The written word on the "printed page," matters, not the "thoughts" of the Framers. Later in the paragraph, Kagan feints towards McCulloch v. Maryland: "This provision is made in a constitution, intended to endure for ages to come, and consequently, to be adapted to the various crises of human affairs." She wrote,

On that score, the Constitution left much to the future. And the future did not take long in coming. Almost immediately, presidential electors became trusty transmitters of other people's decisions.

Justice Thomas stated Kagan's same point, with the originalist vernacular.

As the Court recognizes, nothing in the Constitution prevents States from requiring Presidential electors to vote for the candidate chosen by the people. Petitioners ask us to infer a constitutional right to elector independence by interpreting the terms "appoint," "Electors," "vote," and "by Ballot" to align with the Framers' expectations of discretion in elector voting. But the Framers' expectations aid our interpretive inquiry only to the extent that they provide evidence of the original public meaning of the Constitution. They cannot be used to change that meaning. As the Court explains, the plain meaning of the terms relied on by petitioners do not appear to "connote independent choice." Thus, "the original expectation[s]" of the Framers as to elector discretion provide "no reason for holding that the power confided to the States by the Constitution has ceased to exist."
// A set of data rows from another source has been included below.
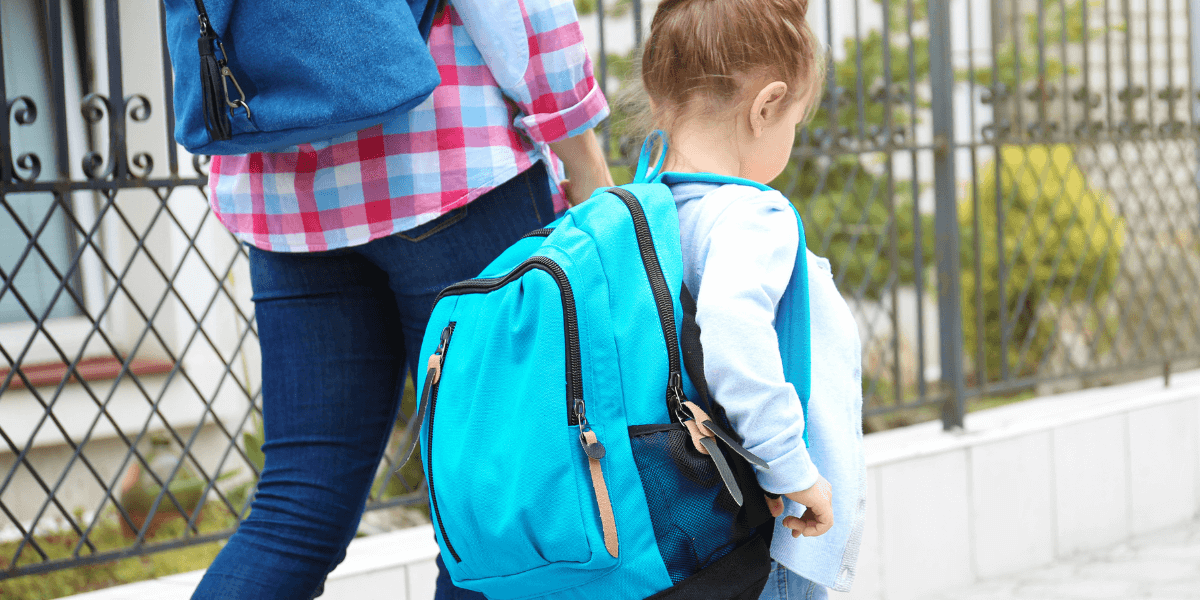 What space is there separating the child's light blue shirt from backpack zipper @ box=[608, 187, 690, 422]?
0.04 metres

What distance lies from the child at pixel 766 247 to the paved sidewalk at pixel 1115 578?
69.9 inches

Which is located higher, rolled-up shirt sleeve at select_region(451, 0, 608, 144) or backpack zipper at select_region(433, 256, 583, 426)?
rolled-up shirt sleeve at select_region(451, 0, 608, 144)

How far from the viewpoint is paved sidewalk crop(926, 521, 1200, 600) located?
114 inches

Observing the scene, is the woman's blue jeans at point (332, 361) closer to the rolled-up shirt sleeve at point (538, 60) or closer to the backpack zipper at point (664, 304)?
the rolled-up shirt sleeve at point (538, 60)

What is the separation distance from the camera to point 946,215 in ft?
10.6

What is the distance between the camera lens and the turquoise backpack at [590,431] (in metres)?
1.15

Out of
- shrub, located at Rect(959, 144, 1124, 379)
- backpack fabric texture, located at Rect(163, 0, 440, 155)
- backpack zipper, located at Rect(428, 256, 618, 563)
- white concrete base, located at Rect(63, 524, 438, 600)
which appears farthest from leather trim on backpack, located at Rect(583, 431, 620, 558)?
shrub, located at Rect(959, 144, 1124, 379)

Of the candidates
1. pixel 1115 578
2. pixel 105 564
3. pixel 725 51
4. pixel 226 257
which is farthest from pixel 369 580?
pixel 1115 578

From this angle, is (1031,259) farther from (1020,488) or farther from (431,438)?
(431,438)

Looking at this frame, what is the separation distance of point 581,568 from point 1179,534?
302 centimetres

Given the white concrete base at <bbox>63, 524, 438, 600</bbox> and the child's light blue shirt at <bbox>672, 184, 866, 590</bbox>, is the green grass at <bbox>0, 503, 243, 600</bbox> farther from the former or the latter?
the child's light blue shirt at <bbox>672, 184, 866, 590</bbox>

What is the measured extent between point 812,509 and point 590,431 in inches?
12.9

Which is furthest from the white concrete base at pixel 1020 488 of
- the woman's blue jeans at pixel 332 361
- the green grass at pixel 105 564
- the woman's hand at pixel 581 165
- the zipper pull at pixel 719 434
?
the zipper pull at pixel 719 434

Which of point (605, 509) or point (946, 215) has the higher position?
point (946, 215) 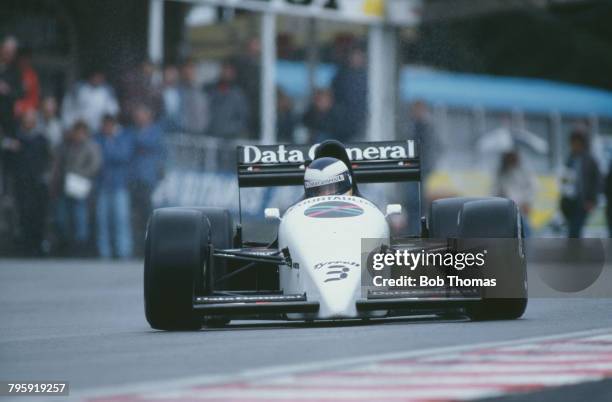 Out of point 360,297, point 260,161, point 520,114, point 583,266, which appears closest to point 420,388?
point 360,297

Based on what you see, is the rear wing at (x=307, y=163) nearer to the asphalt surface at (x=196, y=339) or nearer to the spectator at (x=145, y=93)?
the asphalt surface at (x=196, y=339)

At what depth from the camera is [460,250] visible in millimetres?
9664

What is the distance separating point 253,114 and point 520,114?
9.87 m

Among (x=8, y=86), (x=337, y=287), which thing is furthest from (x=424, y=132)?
(x=337, y=287)

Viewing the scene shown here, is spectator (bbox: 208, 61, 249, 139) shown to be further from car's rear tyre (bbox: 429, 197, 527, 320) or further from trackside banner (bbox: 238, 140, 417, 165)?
car's rear tyre (bbox: 429, 197, 527, 320)

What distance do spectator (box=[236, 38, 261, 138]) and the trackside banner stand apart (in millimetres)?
11475

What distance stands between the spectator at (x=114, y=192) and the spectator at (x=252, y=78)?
290cm

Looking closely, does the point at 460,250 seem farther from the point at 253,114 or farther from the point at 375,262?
the point at 253,114

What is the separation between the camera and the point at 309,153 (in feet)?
36.1

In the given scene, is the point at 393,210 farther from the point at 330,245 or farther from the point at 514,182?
the point at 514,182

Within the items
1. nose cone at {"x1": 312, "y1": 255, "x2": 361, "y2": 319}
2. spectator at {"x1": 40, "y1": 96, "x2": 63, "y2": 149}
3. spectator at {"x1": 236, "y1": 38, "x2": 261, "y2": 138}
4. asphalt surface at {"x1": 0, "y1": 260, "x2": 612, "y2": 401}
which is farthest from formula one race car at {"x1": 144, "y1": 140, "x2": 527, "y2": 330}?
spectator at {"x1": 236, "y1": 38, "x2": 261, "y2": 138}

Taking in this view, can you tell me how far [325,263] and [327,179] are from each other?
116 centimetres

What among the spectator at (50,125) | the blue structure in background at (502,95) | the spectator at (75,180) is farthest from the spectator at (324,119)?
the blue structure in background at (502,95)

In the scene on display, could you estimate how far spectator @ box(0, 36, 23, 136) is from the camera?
19.3 meters
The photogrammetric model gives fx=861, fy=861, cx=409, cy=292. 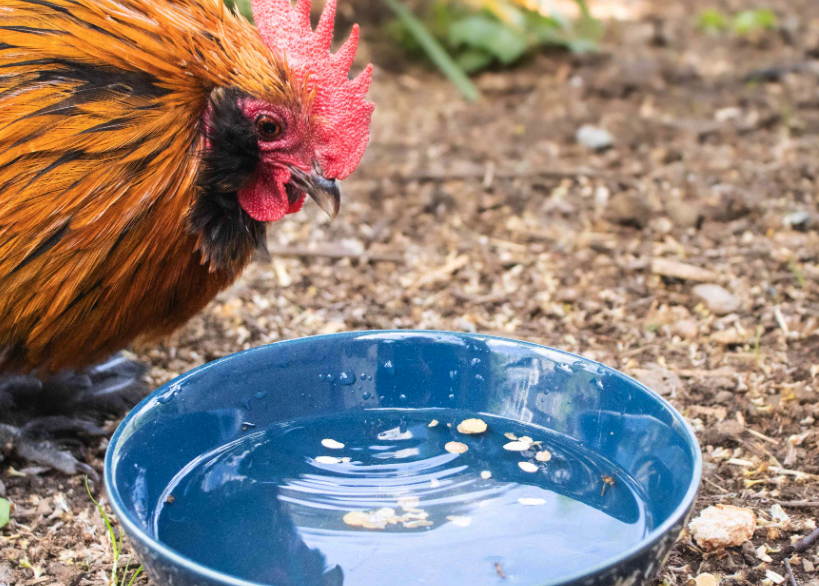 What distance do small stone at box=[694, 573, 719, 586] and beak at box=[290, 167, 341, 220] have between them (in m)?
1.35

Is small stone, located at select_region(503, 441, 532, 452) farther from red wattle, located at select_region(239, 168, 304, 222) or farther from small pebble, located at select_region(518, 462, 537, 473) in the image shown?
red wattle, located at select_region(239, 168, 304, 222)

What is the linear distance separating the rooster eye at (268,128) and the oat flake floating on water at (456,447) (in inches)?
38.0

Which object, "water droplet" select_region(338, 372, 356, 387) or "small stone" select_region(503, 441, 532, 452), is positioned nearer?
"small stone" select_region(503, 441, 532, 452)

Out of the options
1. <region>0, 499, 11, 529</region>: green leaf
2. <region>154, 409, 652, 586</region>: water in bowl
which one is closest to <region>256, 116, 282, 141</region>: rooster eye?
<region>154, 409, 652, 586</region>: water in bowl

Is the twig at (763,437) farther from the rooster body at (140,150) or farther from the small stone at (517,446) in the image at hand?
the rooster body at (140,150)

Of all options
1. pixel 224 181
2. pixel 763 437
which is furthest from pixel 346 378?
pixel 763 437

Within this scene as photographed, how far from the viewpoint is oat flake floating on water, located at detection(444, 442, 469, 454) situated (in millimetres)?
2295

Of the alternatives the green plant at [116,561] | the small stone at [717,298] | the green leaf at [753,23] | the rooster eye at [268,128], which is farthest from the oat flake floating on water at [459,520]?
the green leaf at [753,23]

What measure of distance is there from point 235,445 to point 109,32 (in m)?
1.13

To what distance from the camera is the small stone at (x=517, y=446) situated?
89.1 inches

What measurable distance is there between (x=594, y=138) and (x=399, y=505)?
355 centimetres

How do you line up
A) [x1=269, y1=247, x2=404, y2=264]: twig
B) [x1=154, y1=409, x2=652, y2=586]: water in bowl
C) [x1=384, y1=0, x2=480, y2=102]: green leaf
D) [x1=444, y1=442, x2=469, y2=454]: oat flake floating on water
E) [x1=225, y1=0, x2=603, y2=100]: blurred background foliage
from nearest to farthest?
[x1=154, y1=409, x2=652, y2=586]: water in bowl, [x1=444, y1=442, x2=469, y2=454]: oat flake floating on water, [x1=269, y1=247, x2=404, y2=264]: twig, [x1=384, y1=0, x2=480, y2=102]: green leaf, [x1=225, y1=0, x2=603, y2=100]: blurred background foliage

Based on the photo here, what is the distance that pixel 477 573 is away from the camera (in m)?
1.85

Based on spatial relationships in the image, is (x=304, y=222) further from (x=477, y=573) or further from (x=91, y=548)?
(x=477, y=573) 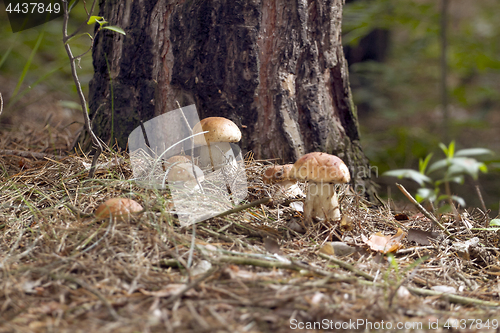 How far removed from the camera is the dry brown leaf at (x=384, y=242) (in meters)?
1.86

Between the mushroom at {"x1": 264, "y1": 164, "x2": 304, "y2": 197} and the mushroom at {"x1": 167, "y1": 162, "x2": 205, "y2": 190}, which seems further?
the mushroom at {"x1": 264, "y1": 164, "x2": 304, "y2": 197}

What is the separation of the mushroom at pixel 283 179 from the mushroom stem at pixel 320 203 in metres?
0.24

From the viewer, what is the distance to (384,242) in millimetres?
1912

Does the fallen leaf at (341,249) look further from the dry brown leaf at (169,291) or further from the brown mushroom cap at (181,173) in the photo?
the brown mushroom cap at (181,173)

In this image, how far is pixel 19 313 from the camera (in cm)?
122

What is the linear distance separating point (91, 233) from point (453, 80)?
39.4 ft

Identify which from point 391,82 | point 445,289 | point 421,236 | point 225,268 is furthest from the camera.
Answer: point 391,82

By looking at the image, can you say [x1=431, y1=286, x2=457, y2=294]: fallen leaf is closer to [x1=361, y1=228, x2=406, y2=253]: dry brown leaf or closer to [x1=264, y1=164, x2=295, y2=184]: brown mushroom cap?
[x1=361, y1=228, x2=406, y2=253]: dry brown leaf

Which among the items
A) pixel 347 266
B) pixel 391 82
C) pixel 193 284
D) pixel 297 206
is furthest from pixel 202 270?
pixel 391 82

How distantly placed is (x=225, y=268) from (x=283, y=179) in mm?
920

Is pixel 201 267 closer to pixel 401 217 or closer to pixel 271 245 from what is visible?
pixel 271 245

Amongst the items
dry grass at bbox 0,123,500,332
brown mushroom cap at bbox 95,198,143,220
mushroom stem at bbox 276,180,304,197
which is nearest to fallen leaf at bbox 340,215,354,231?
dry grass at bbox 0,123,500,332

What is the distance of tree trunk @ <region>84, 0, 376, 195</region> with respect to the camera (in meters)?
2.54

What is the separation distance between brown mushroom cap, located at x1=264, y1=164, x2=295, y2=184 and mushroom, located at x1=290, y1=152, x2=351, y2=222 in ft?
0.80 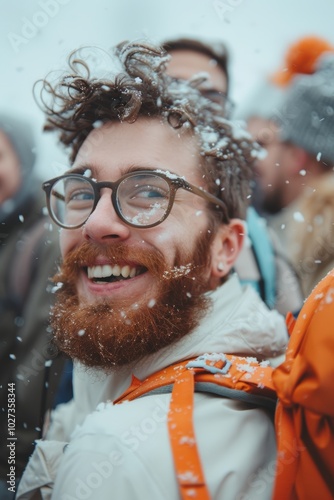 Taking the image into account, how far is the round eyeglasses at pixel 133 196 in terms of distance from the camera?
119 centimetres

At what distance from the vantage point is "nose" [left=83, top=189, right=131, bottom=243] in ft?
3.77

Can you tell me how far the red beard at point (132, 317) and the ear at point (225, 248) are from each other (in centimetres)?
11

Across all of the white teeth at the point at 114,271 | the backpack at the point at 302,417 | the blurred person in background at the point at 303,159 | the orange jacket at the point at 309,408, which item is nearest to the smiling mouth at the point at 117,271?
the white teeth at the point at 114,271

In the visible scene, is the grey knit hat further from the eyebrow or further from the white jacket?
the white jacket

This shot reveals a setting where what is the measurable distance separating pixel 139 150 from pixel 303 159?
1.48m

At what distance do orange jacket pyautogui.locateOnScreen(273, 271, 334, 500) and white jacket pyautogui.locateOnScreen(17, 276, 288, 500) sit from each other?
11 centimetres

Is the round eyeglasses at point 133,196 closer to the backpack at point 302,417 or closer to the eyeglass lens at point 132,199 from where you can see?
the eyeglass lens at point 132,199

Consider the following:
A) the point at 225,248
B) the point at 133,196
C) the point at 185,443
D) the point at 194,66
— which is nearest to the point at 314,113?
the point at 194,66

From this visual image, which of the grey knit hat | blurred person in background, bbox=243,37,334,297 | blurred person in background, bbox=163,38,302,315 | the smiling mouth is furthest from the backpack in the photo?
the grey knit hat

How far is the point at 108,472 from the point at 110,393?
0.38 m

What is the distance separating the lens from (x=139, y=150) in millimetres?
1229

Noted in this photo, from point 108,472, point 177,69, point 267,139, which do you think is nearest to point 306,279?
point 267,139

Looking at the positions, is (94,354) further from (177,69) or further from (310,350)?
(177,69)

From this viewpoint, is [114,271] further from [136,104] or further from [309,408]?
[309,408] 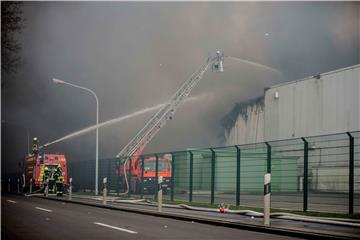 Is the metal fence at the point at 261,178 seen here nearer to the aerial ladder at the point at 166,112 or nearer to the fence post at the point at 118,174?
the fence post at the point at 118,174

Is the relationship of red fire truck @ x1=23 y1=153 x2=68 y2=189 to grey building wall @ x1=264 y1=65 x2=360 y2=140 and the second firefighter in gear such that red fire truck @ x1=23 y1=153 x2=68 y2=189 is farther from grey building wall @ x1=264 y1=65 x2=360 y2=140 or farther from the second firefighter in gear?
grey building wall @ x1=264 y1=65 x2=360 y2=140

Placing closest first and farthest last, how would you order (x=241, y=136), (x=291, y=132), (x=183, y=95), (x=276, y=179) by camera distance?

Finally, Justice Kagan's opinion also explored the relationship between original public meaning and what could be called "original practice": Justice Kagan explained:

The Electors stress that since the founding, electors have cast some 180 faithless votes for either President or Vice President. But that is 180 out of over 23,000. And more than a third of the faithless votes come from 1872, when the Democratic Party's nominee (Horace Greeley) died just after Election Day. Putting those aside, faithless votes represent just one-half of one percent of the total. Still, the Electors counter, Congress has counted all those votes. But because faithless votes have never come close to affecting an outcome, only one has ever been challenged. True enough, that one was counted. But the Electors cannot rest a claim of historical tradition on one counted vote in over 200 years. And anyway, the State appointing that elector had no law requiring a pledge or otherwise barring his use of discretion. Congress's deference to a state decision to tolerate a faithless vote is no ground for rejecting a state decision to penalize one.

Not all historical practice should be treated equally. The practice of Congress challenging a faithless elector is worth more than Congress acquiescing to a faithless electoral vote. I stated this point in an article concerning the Foreign Emoluments Clauses litigation: "When considering competing streams of historical practice by the three branches, courts favor purported defiance over voluntary surrender." But a single failed challenge in this case is not enough to override original meaning.